*** DATA EXCERPT Section Begins ***
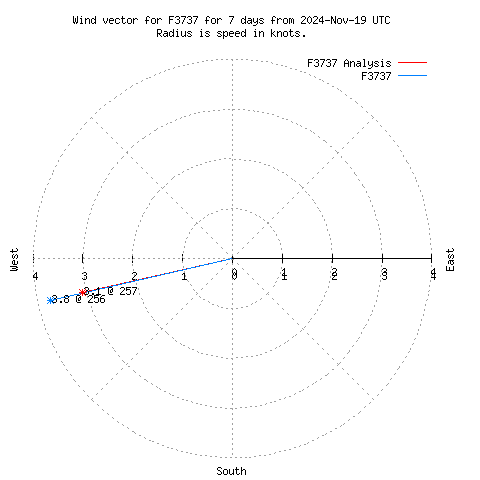 Wind vector chart for last 7 days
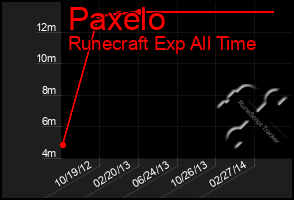 Total Graph of Paxelo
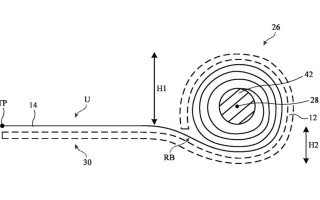 苹果iPhone新专利公布：搭载卷轴屏幕 卷曲时可局部变薄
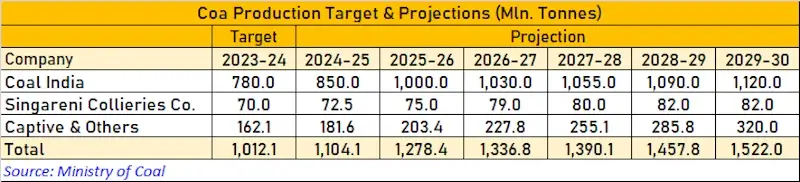 Coal Production Projection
*** DATA EXCERPT Section Ends ***
*TASK*: Since the pictures are not wanted, repeat only the rest of the material, exactly as given.

*SOLUTION TO THE PROBLEM*:
 Wind vector chart for last 7 days
 Total Graph of Paxelo
 苹果iPhone新专利公布：搭载卷轴屏幕 卷曲时可局部变薄
 Coal Production Projection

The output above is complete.